Eben habe ich meine Besprechung der Debüt-EP vom Mai 2015 wieder gelesen und wollte sie inhaltlich fast wiederholen, bis ich zur Erkenntnis gelangt bin, dass sich die Band im falschen Licht präsentiert. Das poppige Artwork sollte dem eines Singer-Songwriter weichen. Hier zählen (hör- und lesbare) Worte, nicht (sing- oder pfeifbare) Melodien. Liesse man sich etwa in einem Restaurant instrumental berieseln, würde man die Musik der Tiptoes als angenehm aber nicht einprägsam einstufen. Obwohl ich aufhorchte als sich „She Says“ anfangs wie „Riders on the Storm“ von den Doors anhörte. Apropos Doors: Die Altvorderen hatten es wesentlich leichter, sich musikalisch einzuordnen. Damals gabs nur Rockmusik oder Radio Steiermark.
Anyway. Es hat mich gefreut, „Hide and Seek“ auch auf dem neuen Album wieder zu finden, das ist ein genialer Song, dessen Lyrics mir im Gedächtnis geblieben sind. Aber auch die anderen neuen Lieder leben von den Texten, in denen es meist um zerbrochene Beziehungen geht. Na ja, warum sollte es nicht wie im richtigen Leben sein.
Im Titelsong heisst es etwa ... distance makes you run even further/ and I’m running after you/ distance makes you look for someone better/ though I’m the best for you/ OK. An Selbstbewußtsein mangelt es den jungen Textern jedenfalls nicht. Aber ob sie als Band durchstarten werden?
VIECH ist eine heimische Band, deren Entwicklung ich seit 2011 interessiert verfolge. Mit ihrem aktuellen dritten Album sind die Grazer Spuren des Band Co-Gründers Andreas Klinger, der nach Leipzig gezogen ist, völlig verweht und Paul Plut bringt seine Stimme konsequent ein und klingt so heiser, dass man sich Sorgen um seine Stimmbänder macht. Der Titelsong ist radiotauglich wie seinerzeit der „Steuermann“ und kommt ohne Brüllen aus, auch wenn sich der unverwechselbare Paul bald wie Tom Waits anhört.

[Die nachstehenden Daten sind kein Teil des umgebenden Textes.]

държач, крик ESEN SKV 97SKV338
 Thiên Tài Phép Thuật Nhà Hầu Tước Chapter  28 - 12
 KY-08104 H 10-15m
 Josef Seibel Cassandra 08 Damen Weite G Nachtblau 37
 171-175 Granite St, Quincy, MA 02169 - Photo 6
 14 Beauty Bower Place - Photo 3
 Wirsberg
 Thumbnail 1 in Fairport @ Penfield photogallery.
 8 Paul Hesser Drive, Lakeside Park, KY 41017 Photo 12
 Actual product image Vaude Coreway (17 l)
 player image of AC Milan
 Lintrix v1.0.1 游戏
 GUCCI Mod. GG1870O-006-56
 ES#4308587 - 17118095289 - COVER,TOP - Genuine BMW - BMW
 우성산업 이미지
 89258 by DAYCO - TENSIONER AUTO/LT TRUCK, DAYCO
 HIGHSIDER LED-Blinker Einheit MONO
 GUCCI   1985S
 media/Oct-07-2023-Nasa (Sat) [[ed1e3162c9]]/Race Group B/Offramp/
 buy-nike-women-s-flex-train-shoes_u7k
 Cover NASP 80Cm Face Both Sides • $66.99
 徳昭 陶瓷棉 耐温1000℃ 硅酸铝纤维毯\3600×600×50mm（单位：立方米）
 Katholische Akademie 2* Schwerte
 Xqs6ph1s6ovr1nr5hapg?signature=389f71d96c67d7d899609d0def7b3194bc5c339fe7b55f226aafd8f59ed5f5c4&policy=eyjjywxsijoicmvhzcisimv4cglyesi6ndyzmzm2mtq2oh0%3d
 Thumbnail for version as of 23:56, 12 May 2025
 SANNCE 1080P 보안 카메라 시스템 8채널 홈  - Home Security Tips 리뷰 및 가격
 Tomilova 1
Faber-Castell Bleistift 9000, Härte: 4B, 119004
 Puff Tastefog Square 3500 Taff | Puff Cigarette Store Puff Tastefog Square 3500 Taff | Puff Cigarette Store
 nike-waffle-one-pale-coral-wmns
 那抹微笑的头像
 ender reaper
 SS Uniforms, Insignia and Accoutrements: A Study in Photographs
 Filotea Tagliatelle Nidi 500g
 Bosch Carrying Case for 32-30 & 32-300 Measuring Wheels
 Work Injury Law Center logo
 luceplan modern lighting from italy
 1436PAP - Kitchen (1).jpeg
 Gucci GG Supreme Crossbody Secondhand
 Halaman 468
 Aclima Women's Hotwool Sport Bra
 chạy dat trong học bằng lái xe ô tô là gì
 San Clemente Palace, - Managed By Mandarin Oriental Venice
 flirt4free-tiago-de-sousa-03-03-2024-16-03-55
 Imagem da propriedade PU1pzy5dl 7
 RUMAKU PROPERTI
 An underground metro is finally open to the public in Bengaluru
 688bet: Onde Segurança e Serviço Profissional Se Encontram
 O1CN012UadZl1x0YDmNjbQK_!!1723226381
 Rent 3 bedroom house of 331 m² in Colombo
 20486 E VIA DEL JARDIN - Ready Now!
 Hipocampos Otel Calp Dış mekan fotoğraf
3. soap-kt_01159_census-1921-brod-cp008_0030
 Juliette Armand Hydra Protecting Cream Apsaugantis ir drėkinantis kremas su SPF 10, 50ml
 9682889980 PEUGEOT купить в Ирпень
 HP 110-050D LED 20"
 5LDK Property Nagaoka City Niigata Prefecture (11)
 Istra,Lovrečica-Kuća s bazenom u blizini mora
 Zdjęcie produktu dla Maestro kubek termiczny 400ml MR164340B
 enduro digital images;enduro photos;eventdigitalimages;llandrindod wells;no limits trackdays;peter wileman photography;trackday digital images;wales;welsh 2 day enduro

Die Lyrics sind anspruchsvoll wie immer, „Ich wär so gern eine Straßenbahn, dann wärs OK im Kreis zu fahren“ und kommen aus der kollektiven Feder der Band. VIECH ist eine meiner Lieblingsbands, denn ihre klugen Texte rocken sich in dem Herzschlag genehmen Beats durch die Tunes. „Im Sand“ ist beispielsweise so eine geniale Nummer, aber macht euch selbst ein (Hör-)Bild der Band, der auch Martina Stranger ihre Stimme leiht, seit sie in Wien sind. Ich freu mich jedesmal, wenn ich VIECH im Radio höre und hoffentlich auch wieder einmal LIVE treffe.
Paul Plut und Christoph Lederhilger bin ich zu Dank verpflichtet, dass ich ihre Musik in meinen Buchtrailern verwenden darf. „Ich hab viele Fehler gemacht“ (Heute Nacht nach Budapest) stellt beispielsweise die Neuauflage des Gangan Lit-Mag vor und hat schon einige meiner Leser zu VIECH-Fans gemacht.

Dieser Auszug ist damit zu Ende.